Born in 1900, Jack Noel Kilgour was known for his academic modernism, many of his works were paintings of urban landscapes and portraiture. His contemporaries included Jean Bellette, William Dobell, Paul Haefliger, Eric Wilson and his wife Nancy Kilgour, with whom he established a significant artistic partnership. His work is well represented in the Newcastle Art Gallery collection, as well as in significant state and national collections.
All Kilgour Prize entries are assessed by two independent judges and Sarah Johnson, Curator Newcastle Art Gallery.
The Kilgour Prize is financed by the Jack Noel Kilgour bequest which is administered by The Trust Company, Part of Perpetual.
Kilgour Prize 2014 Winner Announcement Media Release (pdf)
Kilgour Prize 2014 People's Choice Winner Announcement Media Release (pdf)

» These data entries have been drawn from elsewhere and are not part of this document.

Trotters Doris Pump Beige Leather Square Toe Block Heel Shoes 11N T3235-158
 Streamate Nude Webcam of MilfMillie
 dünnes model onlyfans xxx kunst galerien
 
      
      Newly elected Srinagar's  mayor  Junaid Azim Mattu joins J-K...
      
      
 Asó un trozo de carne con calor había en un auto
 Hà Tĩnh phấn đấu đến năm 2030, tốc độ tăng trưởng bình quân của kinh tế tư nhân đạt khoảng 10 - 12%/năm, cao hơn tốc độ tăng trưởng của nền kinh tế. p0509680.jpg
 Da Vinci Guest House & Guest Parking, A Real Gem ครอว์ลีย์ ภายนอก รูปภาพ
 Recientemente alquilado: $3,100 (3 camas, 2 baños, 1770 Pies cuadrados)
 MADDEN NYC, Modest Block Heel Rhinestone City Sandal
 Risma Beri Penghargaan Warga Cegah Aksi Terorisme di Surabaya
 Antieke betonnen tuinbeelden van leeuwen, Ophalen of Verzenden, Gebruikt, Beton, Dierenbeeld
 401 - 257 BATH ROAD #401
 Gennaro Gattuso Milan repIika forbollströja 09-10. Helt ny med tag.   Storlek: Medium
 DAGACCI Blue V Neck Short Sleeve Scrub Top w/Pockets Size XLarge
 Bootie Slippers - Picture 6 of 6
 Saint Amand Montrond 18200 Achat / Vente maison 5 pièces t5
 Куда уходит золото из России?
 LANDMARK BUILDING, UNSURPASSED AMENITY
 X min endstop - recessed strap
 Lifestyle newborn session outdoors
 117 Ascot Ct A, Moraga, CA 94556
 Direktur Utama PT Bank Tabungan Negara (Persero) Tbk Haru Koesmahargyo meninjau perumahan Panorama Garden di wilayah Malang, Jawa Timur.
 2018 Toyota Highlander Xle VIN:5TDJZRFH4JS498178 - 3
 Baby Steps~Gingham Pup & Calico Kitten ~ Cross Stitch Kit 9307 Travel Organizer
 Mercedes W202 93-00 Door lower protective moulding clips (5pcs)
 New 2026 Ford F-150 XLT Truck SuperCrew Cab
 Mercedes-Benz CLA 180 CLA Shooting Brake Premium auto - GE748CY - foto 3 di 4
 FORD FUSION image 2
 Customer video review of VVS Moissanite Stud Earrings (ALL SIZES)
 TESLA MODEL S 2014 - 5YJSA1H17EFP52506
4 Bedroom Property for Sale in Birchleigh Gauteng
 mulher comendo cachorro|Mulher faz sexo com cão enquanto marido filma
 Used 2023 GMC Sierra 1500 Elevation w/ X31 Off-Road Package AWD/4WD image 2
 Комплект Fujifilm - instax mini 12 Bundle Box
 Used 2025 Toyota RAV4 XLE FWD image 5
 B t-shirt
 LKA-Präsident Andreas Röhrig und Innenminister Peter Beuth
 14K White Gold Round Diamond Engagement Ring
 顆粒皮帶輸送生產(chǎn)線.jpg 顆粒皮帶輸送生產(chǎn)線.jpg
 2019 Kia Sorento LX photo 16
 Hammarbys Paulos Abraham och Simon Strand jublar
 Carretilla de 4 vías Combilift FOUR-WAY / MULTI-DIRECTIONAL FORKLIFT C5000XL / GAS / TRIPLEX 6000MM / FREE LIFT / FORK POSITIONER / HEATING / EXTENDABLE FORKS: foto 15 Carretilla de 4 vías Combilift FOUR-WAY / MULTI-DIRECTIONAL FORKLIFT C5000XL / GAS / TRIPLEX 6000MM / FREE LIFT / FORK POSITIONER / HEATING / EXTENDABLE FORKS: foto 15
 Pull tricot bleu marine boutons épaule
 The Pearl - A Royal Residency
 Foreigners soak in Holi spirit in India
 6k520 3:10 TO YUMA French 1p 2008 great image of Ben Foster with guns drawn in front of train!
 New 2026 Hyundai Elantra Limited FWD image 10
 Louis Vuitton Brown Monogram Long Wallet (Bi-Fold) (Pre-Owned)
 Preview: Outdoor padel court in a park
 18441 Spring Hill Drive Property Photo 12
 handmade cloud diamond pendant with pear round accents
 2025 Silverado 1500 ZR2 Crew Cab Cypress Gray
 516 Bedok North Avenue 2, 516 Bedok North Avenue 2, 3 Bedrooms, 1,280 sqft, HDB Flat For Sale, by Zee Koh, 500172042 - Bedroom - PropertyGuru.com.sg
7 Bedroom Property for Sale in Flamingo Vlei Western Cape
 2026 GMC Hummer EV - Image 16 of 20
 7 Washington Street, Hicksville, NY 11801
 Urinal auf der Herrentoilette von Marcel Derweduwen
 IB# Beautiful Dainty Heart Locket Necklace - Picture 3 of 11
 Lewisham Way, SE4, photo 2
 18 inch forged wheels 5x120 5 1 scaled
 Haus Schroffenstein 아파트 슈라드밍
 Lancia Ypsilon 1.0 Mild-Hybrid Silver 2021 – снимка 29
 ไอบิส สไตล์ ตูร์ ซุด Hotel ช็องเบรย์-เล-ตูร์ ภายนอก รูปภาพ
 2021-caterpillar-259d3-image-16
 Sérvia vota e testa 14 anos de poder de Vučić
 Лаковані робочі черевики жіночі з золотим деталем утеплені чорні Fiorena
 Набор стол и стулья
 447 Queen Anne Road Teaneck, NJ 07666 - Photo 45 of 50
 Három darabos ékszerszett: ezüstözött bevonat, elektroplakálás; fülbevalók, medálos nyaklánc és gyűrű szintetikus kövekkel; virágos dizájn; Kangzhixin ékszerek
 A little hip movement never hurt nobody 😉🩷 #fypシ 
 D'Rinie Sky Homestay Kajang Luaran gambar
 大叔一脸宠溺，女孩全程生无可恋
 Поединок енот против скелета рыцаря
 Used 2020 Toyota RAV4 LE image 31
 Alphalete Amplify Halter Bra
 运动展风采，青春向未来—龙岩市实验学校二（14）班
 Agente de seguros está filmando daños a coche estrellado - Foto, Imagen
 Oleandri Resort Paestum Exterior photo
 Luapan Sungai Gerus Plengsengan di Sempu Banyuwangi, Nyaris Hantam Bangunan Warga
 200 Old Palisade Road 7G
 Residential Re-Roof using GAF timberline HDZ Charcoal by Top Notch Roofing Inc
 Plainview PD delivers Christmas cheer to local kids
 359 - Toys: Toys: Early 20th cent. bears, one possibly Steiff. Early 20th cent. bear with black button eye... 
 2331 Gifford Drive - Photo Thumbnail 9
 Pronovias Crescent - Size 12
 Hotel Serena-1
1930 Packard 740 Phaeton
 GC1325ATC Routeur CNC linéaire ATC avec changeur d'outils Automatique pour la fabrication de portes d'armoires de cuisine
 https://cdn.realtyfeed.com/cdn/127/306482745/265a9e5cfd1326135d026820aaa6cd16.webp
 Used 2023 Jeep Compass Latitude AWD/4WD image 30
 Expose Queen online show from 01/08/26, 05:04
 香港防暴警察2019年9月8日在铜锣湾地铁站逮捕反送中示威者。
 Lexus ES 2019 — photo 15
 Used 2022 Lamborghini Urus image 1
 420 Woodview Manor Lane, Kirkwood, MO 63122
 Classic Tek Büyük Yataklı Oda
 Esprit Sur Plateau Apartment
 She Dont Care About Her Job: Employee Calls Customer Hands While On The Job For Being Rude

KILGOUR PRIZE 2014 Winner and People's Choice
Alan Jones Artist Statement:
Alan Jones’ maternal family heritage can be traced back to the arrival of convict Robert Forrester aboard the First Fleet. Forrester and his co-accused Richard McDale were convicted at The Old Bailey in London in 1783 for a robbery involving ‘Six pieces of gold coin of the realm called guineas to the value of Six Pounds and Six Shillings being the property of Simon Hughes’. Forrester was sentenced to death.
The death sentence was commuted to transportation to America but due to the ongoing American War of Independence both men were ultimately transported to colonial New South Wales ‘for the term of their natural lives’. Forrester spent the next three years imprisoned on the Thames before setting sail on 'The Scarborough', the hulk that would become one of the eleven First Fleet boats arriving to ‘New South Wales’ in 1788.
Following an unsettling 18 month period on Norfolk Island, Forrester eventually made his way up the Hawkesbury River to Green Hills (now known as Windsor). Forrester lived and worked in the Hawkesbury with his second (common law) wife Isabella ‘Bella’ Ramsay (convict aboard ‘Mary Ann’, Third Fleet) for the remaining years of his life. Robert Forrester died on 14 February 1827, age 69.
In ‘Robert Forrester #2’, Forrester appears worn out, shackled and placed abruptly in front of the plot of land he was first granted on the Hawkesbury River in 1794. This small plot of land located in Windsor frequently appears in Jones’ work as he continues to draw inspiration from this connection to the Hawkesbury area.
Jones has been exploring Australia’s colonial history and the journey of the First Fleet for some time. It interests him from both a personal perspective and from a broader view point as an Australian. Jones is unflinching in his exploration of the tension between his own personal and family identity and the broader context of the shameful history of colonisation and its impact on the First Australians.